Major sectors with undocumented worker employment are farming, construction, hospitality, and institutional (building and grounds maintenance). About four out of every 10 farm workers are undocumented, hence the expectation, of which we will hear more, that providing work rights to these workers will cause food prices (especially fresh produce) to increase. However, farming’s size is dwarfed by the combined size of these other sectors, in which an average 12% of workers are illegal.

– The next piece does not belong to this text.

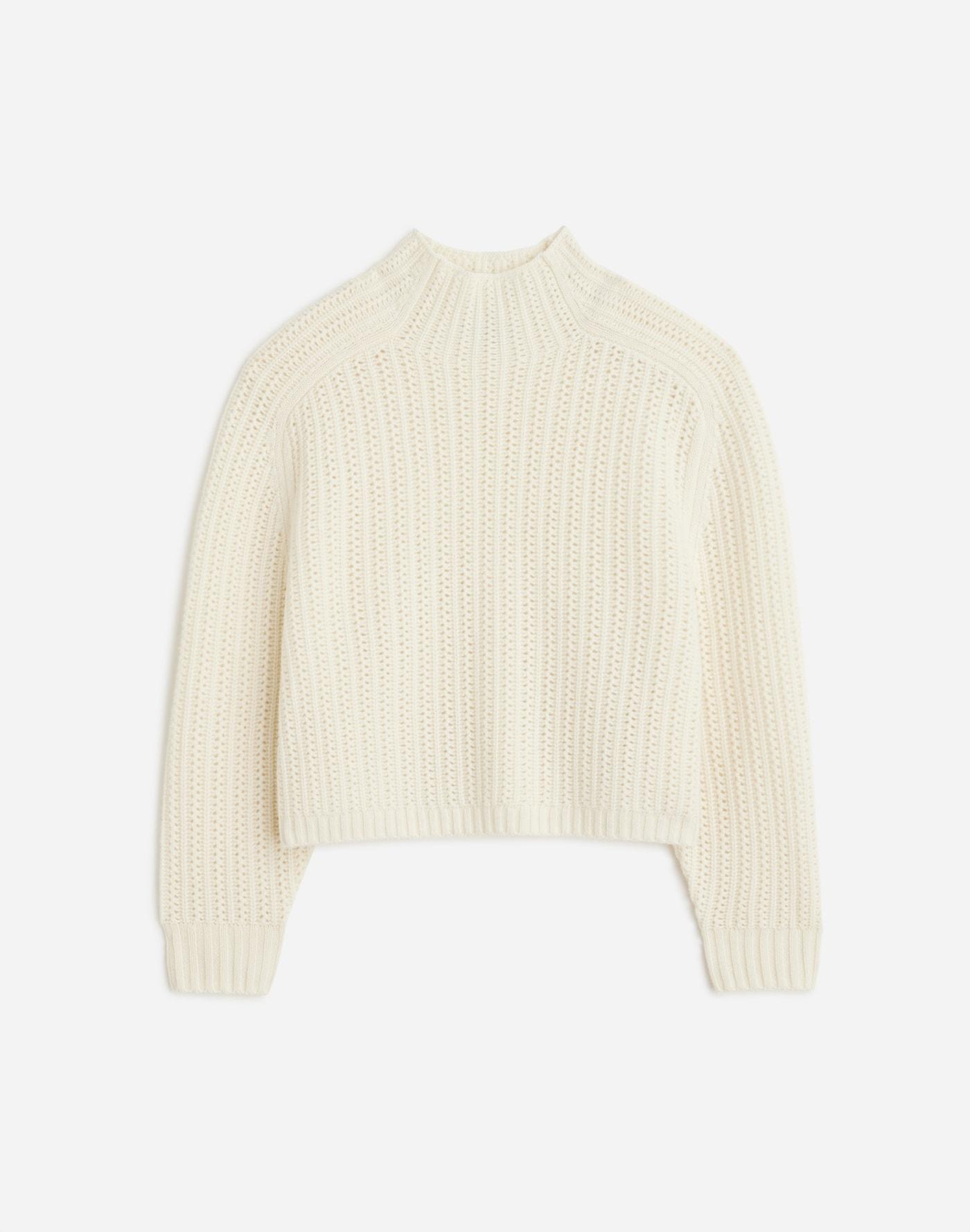 Pointelle-Stitch Mockneck Sweater Product Image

Take construction. A fifth to one quarter of lost-time compensable injuries sustained by all undocumented workers are sustained in construction. The typical image of the illegal construction worker is the low skilled laborer. About a fifth of them are estimated to be unauthorized. But a fair number of painters and other skilled workers are also illegal.
Take hospitality, which includes lodging and restaurants. About 20%-25% of room cleaners and cooks are undocumented workers.
For every 10 lost-time compensable injuries sustained by undocumented workers, about five of them take occur in either construction or hospitality. Maybe only one takes place in farming.
Q. Will workers’ compensation claims increase?
A. This may happen in earnest in selected situations, where undocumented workers have reported relatively few of their injuries and now feel empowered to file claims, with claimant bar and activist group encouragement. For the workers' compensation field as a whole, the impact could be modest. Even if the number of lost-time compensable claims of undocumented workers increased by 50%, the total increase of such claims in the workers' comp field would be, I expect, a couple of percentage points, spread over several years.
Q. How will the new policy impact employers?
A. Undoubtedly, employers, insurers and regulators will take greater care in addressing the direct and indirect ramifications of a legally more empowered workforce.
For example, undocumented workforces are entangled in the underground economy and in independent contractor abuses. As these workers gain more legal protection, and law enforcement agencies, in alliance with workers’ compensation regulators, may begin to attack these challenges with greater vigor.
In the key industries (farming, construction, hospitality and institutional services), employer associations which have fretted over what they see as unfair competition by law-skirting companies that exploit undocumented workers, may prod law enforcement agencies more aggressively. In some industries, such as hospitality and transportation, labor organizing may blossom, with worker health and safety a key campaigning topic.
And, wages will likely trend upward as workers seek jobs in other industries now open to them (such as health care and government), putting pressure on employers. Expect to see greater investment by employers in labor-saving, injury-avoiding technology.